Since moving into our country home close to five years ago, one of the most urgent tasks was to put a roof over the veranda, which we did a little while ago; however, there were still aspects that required attention. Firstly, while the veranda was well under one meter from ground level, I didn’t like the fact that it didn’t have a balustrade; as I preferred to err on the side of safety. Secondly, I also wanted to partially enclosure the veranda, because the prevailing weather blows cold wind and rain from one end (see photograph below), and when it’s not raining, leaves take over, producing a constant mess. In the long term, this isn’t good for the veranda and anything within. So with this in mind, we finally got moving on finishing off what we started some time ago.

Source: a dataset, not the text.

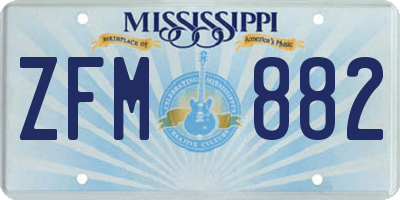 MS license plate ZFM882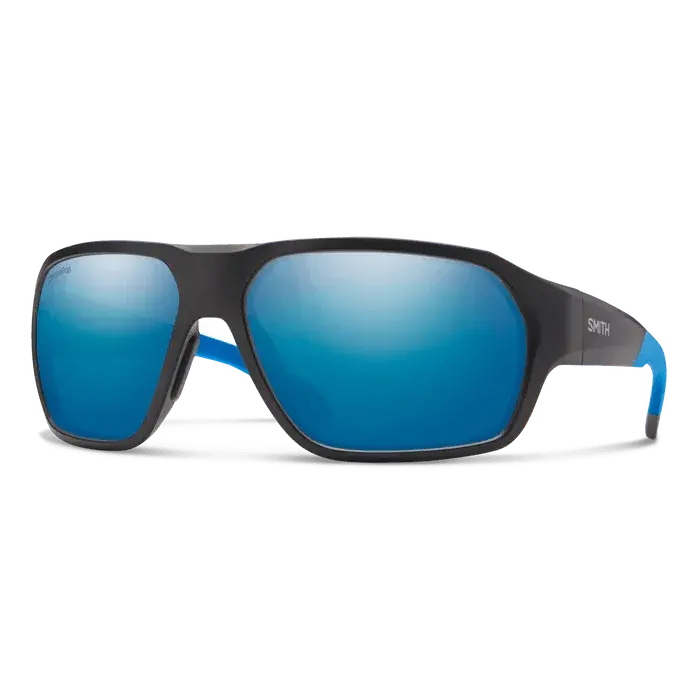 Smith Deckboss Sunglasses – Matte Black/Blue Frame With Chromapop Blue Mirror Polarized Lenses 1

However, things have taken a lot longer than expected, mainly because I’ve designed and re-designed things numerous times (in my head), as you only really have one chance to get things aesthetically (hopefully) and building regulation right. I didn’t want the veranda to be completely enclosed, so that it would retain an open feeling and that light would still get in (being south facing), but I did want parts of it enclosed so that it would provide a weather proof entertainment area and to allow for some style and comfort. The first step was to build frames onto which the inside and outside panelling could be attached. This involved a simple framework and the outside was then covered in cement sheeting to provide a durable surface for painting, as well as a good fire resistant surface. This semi-enclosed area would then be able to provide warmth and overall comfort, especially during winter, as we could finally use the Chiminea again.
The next stage involved panelling the inside, but before I did that, I wanted to complete the middle ‘open’ sections that would provide a feature for the veranda and a degree of openness. This was actually quite simple and involved using left over hardwood from the veranda roof construction and lengths of rebar (reinforcing bar) that is normally used for concreting. The rebar was left out in the rain for several days so that it became fully coated in rust and then I applied some HiChem Motospray Rust Converter (I love this stuff), which gave the rebar a beautiful, dark, patina type finish. It worked a treat on the rusty Chiminea as well. The idea here was to have two panels looking somewhat rustic and giving an open feeling to the veranda, though I’m not sure that’s what our hounds think about this arrangement.
Once the centre sections were complete, there were two other aspects that needed to be finished off before the internal panelling was installed. These were, painting the cement sheeting and installing the tops onto the ‘balustrades’. I decided to use 140mm wide Merbau decking for the tops, to give a contrasting colour to the rest of the setting, being a dark red to the lighter hardwood. All of the exposed timber decking has been coated with Intergrain Ultradeck stain as it really brings out the colours of the timber and is so easy to work with compared to regular stains, and it provides a very hard wearing, weather-resistant, coating. The cement sheeting was coated with Wattyl Solagard Natural Stone Finish.
So with the external walls completed, the internal panelling could then be tackled, as well as the hearth for the Chiminea, which I’ll cover in Part 2. So many things still to do, including cleaning the outside stonework once summer arrives.